Friday, September 17, 2010

Is Nathan Deal Electable?

Nathan Deal wants to become Georgia's next governor, but is he electable?

Right now I would say NO!

First he is under investigation for violated House rules by interfering with a state contract involving a business he owned, a unanimous decision that could hurt Deal’s political career. The report, issued by the Office of Congressional Ethics, alleges Deal met with state officials to allow his company to continue conducting vehicle inspections on GA’s behalf. The program, according to the allegation, “generated significant personal financial benefit for him and a business partner.”

The 138-page report details how Mr. Deal and his chief of staff intervened in 2008 and 2009 on behalf of the company, Recovery Services Inc., also known as Gainesville Salvage and Disposal. The report also said Mr. Deal had improperly failed to disclose that he was a corporate officer at the company, meaning that the $75,000 he earned from the business in 2008 violated a House limit on members’ outside income.

Recently he released his tax returns, but not those related to his business dealings that has him in hot water right now.

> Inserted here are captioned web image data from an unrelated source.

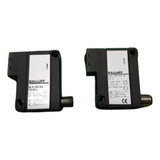 Sensor Opticoeletrônico Balluff Emissor Bls35 Receptor Ble35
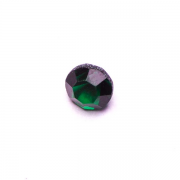 Birthstone Round Charm for Floating Memory Locket  05 - May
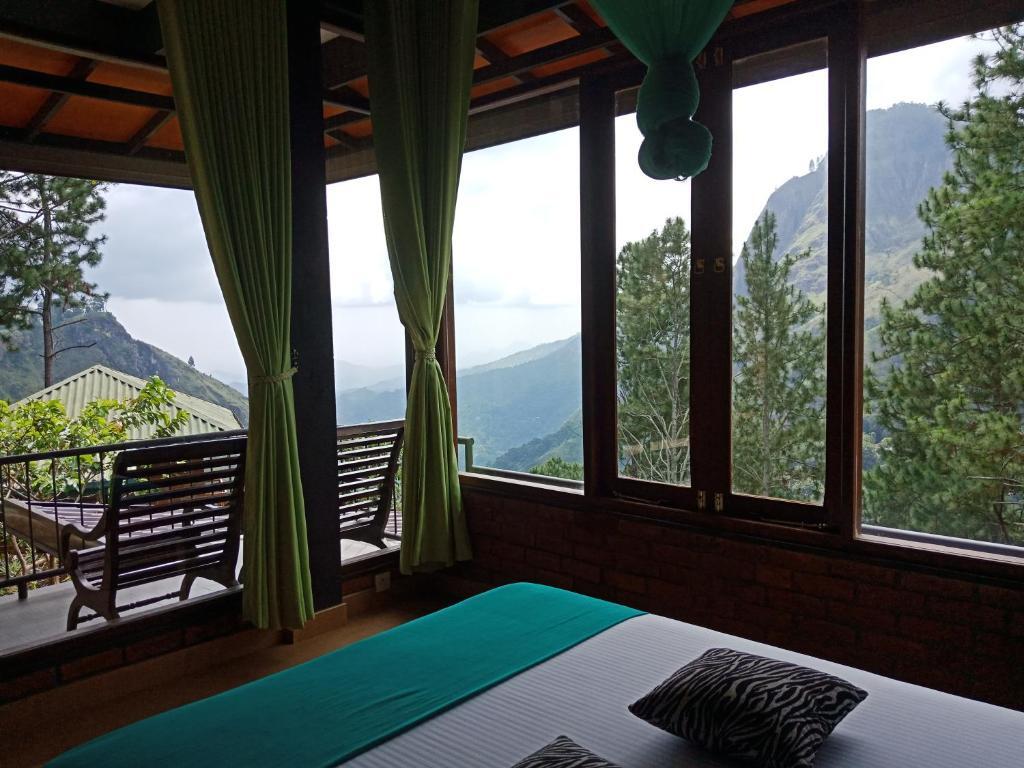 Элла: Ella Mount Relax Cottage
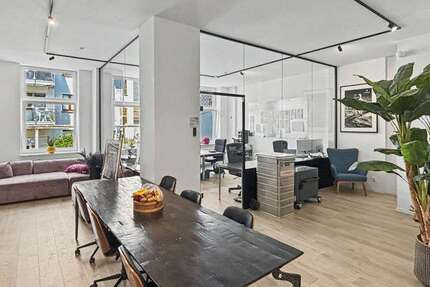 Gewerbeobjekt Essen Stadtbezirk II - 3.750&euro; | Angebot:27647191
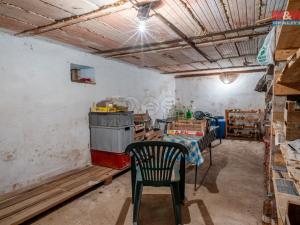 Prodej chalupy, Plánice - Štipoklasy, 90 m2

And yesterday he amended his financial disclosure form on Thursday after facing questions from The Associated Press about two active loans worth a combined $2.85 million that did not appear on the document. This is more financial bad news for Deal who acknowledged he is facing economic turmoil from a bad investment in his daughter's failed sporting good business. The Atlanta Journal Constitution reported on Wednesday that Deal faces a Feb. 1 deadline to pay back a $2.3 million bank loan for the venture. His daughter and son-in-law declared bankruptcy. Deal and his wife, Sandra, are trying to sell their Gainesville home to help satisfy the debt.

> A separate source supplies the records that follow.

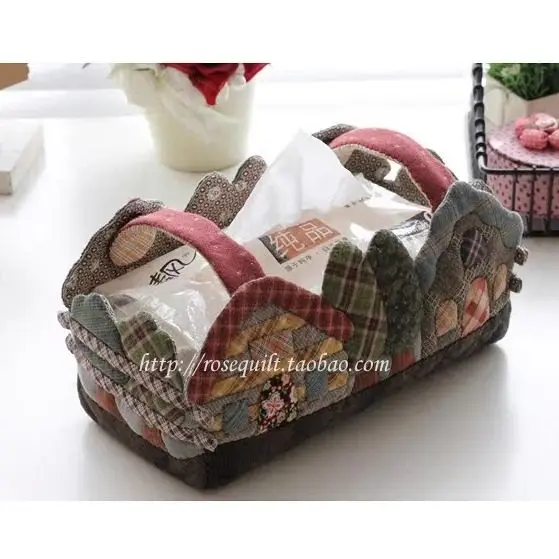 Diy Forest Hut Tiss…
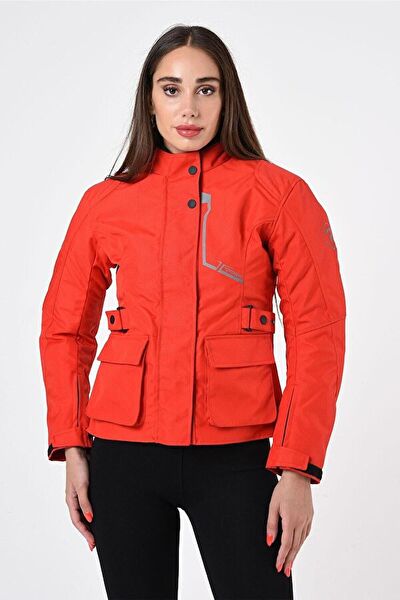 Prohel Motosiklet Mont ve Ceket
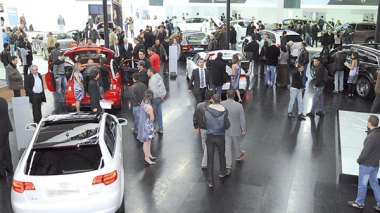 Hausse de 20% des prix des véhicules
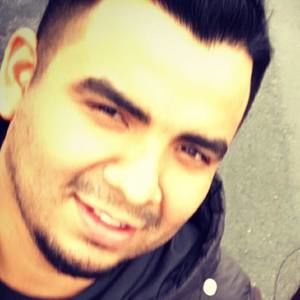 Meet your Posher, Alejandro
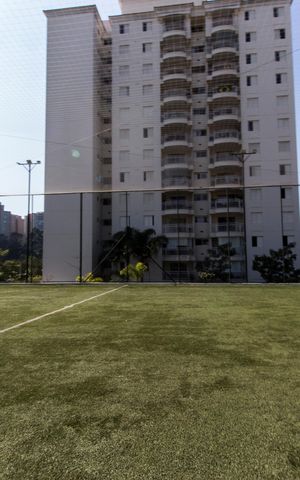 Apartamento para alugar com 116m², 3 quartos e 2 vagasQuadra Esportiva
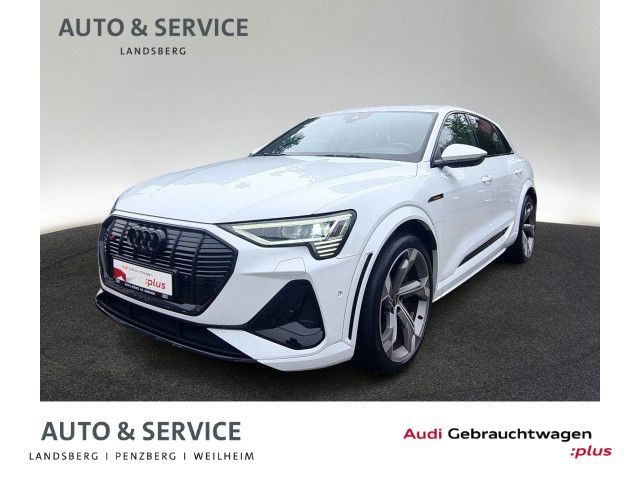 Audi e-tron 51.900 km 61.990 € Weilheim 82362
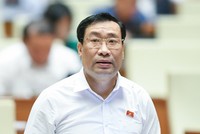 Một đồng chi cho môi trường hôm nay sẽ giảm hàng chục đồng chi trả y tế, khắc phục thiên tai ngày mai 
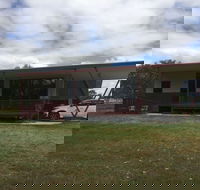 Thie My Chree Retreat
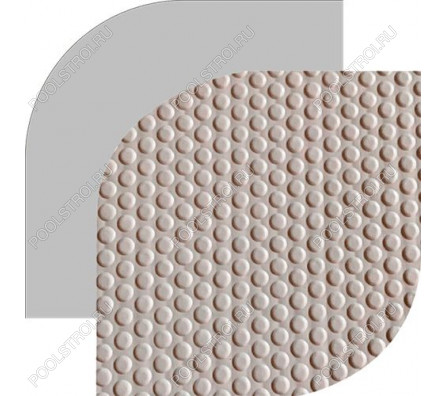Лайнер Cefil Touch Comfort Gris Clair (светло серый) 1.65x25m (41.25 м.кв)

The loans from a pair of banks were made to Deal and his business partner Kenneth Cronan in 2009 but were not included on the financial disclosure Deal filed with the state Ethics Commission for that period.

Yes times are hard, & there are alot of people who are in deep trouble financially like Nathan Deal & may feel sorry for Deal, but will Georgians, who are concerned about their own financial security elect someone who doesn't have his own financial house in order? And will they even consider electing someone, whose fate is unknown when it comes to ethics violations concerning his Auto Salvage Business, in which an indictment could come down at any time before the November elections?

Deal has baggage no doubt about that & this latest revelation is just another skeleton that has arisen out of Nathan Deal's closest! This is the time to question Deal's fiscal responsibility.

Electing Nathan Deal as governor is too risky for Georgia when we have problems with our schools, the lack of job creation, high unemployment, tax increases, water issues & more.